Would it be correct to say that this is the reason we must use tetrads to incorporate fermions in curved spacetime?

Correct. However, the tetrads (veirbein) are necessary objects for any differentiable manifold. They follow from the fact that the spacetime manifold, considered as a topological space, is locally (homeomorphic to \mathbb{R}^{(1, n - 1)}) flat Minkowskian.

Sam

 

[Demystifier]

Samalkhait, thank you for your answer which was quite clear to me. I have a few additional questions.

For this reason, we say that GL(4) does not act in the index-space of spinors.

So does it mean that, under general coordinate transformations, spinors transform as scalars?

And if your answer is yes (which I think would be the correct answer), can we think of Lorentz transformations as nothing but a special case of general coordinate transformation?

And when we interpret Lorentz transformations in that way, then can we say that, in this interpretation at least, spinors transform as scalars under Lorentz transformations?

 

[samalkhaiat]

So does it mean that, under general coordinate transformations, spinors transform as scalars?

And if your answer is yes (which I think would be the correct answer),

In order to stress the fact that spinors do not belong to GL(n), it is better to say that Lorentz spinor is treated as “scalar” in curved space.

can we think of Lorentz transformations as nothing but a special case of general coordinate transformation?

All real matrix groups are subgroups of GL(n, \mathbb{R}) including \mbox{SL} ( n , \mathbb{R}) and \mbox{Spin} (n).

And when we interpret Lorentz transformations in that way, then can we say that, in this interpretation at least, spinors transform as scalars under Lorentz transformations?

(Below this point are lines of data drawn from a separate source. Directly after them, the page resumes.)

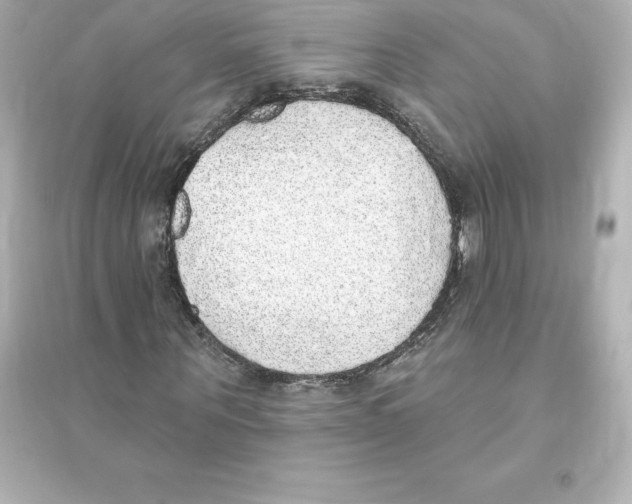 X0000093620867200711121233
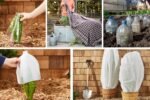 How to Protect Plants from Frost During Winter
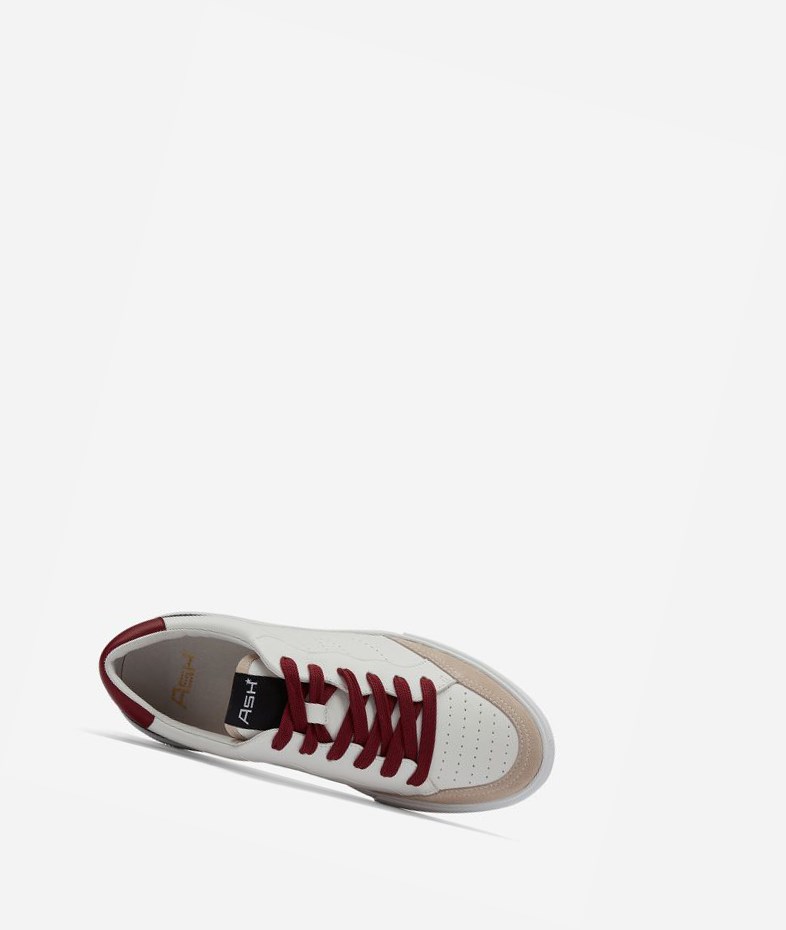 Low-Top Sneakers ASH Free Femme Noir Blanche Rouge | VSW-32709668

You take spinor from flat space and treat it as “scalar” in curved space and then you conclude that spinor is Lorentz scalar?
This is false argument unless you tell people how you define “your” Lorentz scalar and spinor.

The usual definition of Lorentz scalar and Lorentz spionr are the following:

Lorentz scalar is an object with vanishing spin matrix, i.e. under Lorentz transformation, a scalar field transforms by the identity matrix:
\phi_{ i } ( x ) \leftarrow \bar{ \phi }_{ i } ( \bar{ x } ) = \delta^{ j }_{ i } \phi_{ j } ( x ) .
In the representation theory, we say that Lorentz scalar belongs to the representation space V^{ ( 0 , 0 ) }.

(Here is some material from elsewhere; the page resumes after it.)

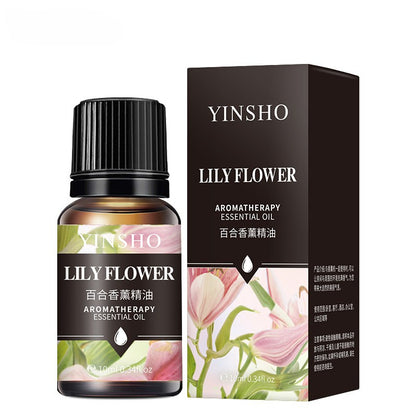 Water-Soluble Aromatherapy Oil (17 Scents Available) Essential Oil Fragrance 10mL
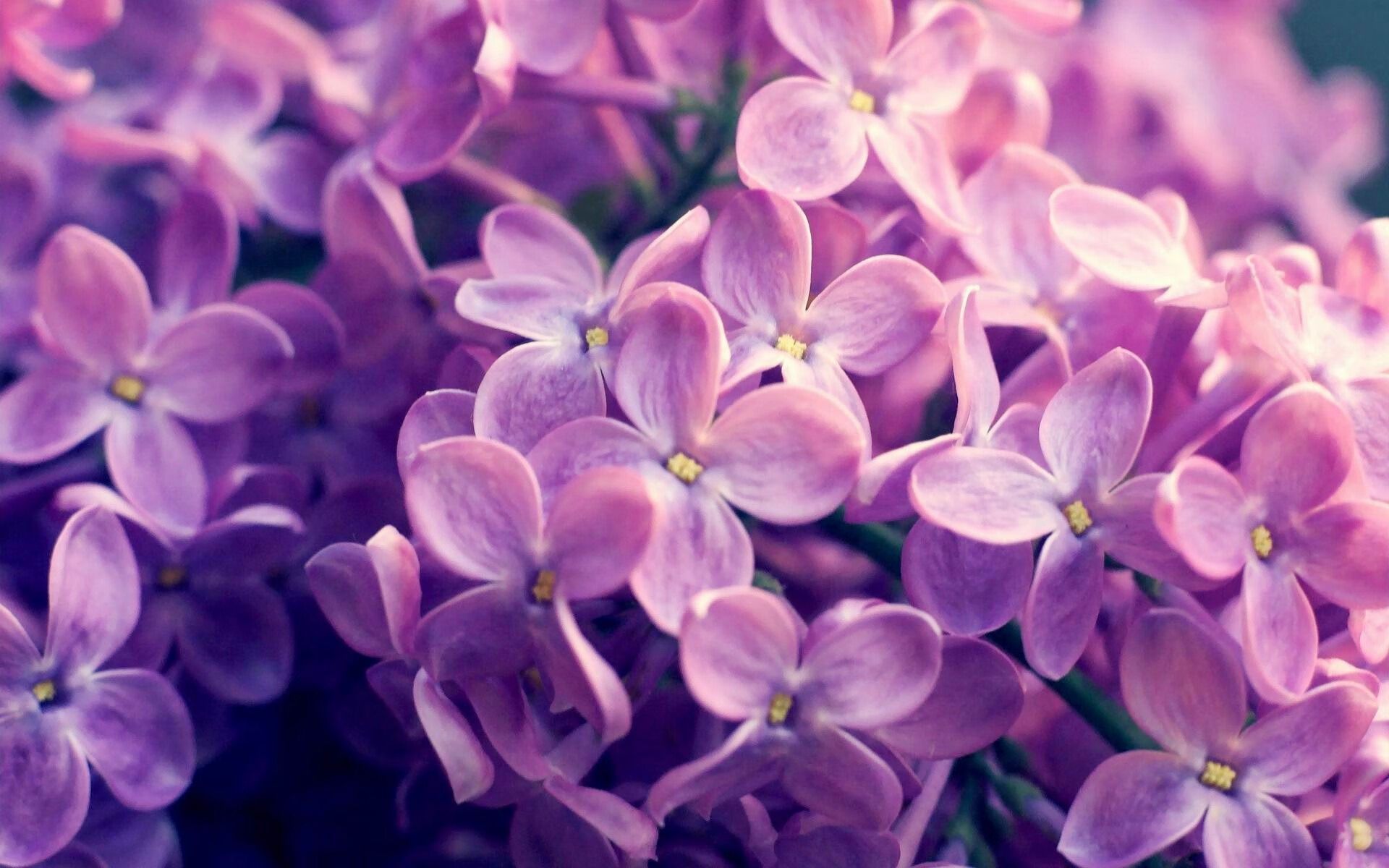 巴萨客场1-1战平西班牙人，保持不败纪录，巴萨客场1-1战平西班牙人,保持不败纪录的是谁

Lorentz (bi)spinor is an object with non-vanishing spin matrix \Sigma^{ \mu \nu }, i.e. under Lorentz transformation, Dirac spinor field transforms as
\psi ( x ) \rightarrow \psi^{ ' } ( \bar{ x } ) = \exp ( - \frac{ i }{ 2 } \omega_{ \mu \nu } \Sigma^{ \mu \nu } ) \psi ( x ) .
In the representation theory, we say that (bi)spinor belongs to the representation space V^{ ( 0 , 1/2 ) } \oplus V^{ ( 1/2 , 0 ) } .

Suppose (for the sake of argument) that \psi is Lorentz scalar, then \partial_{ a } \psi is Lorentz vector.

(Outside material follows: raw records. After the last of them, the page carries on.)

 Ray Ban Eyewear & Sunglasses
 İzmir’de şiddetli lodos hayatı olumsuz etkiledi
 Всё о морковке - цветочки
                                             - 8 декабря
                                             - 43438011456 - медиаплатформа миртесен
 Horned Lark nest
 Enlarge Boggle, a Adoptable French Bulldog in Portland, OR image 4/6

Now, Einstein’s EP tells you that the derivative of scalar is covariant vector in curved space. So, \partial_{ a } \psi \rightarrow \partial_{ \mu } \psi, i.e., there is no need for connection!

Suppose (as you say) that \gamma^{ a } is Lorentz vector. Thus, in curved space, we will have the contra-variant vector \gamma^{ \mu }.

Thus, you would conclude (in 3 seconds) that Dirac equation i \gamma^{ \mu } \partial_{ \mu } \psi = 0, is generally covariant. Of course, we know this is not true.

We also know, It took 30 years to figure out the correct form of Dirac equation in GR.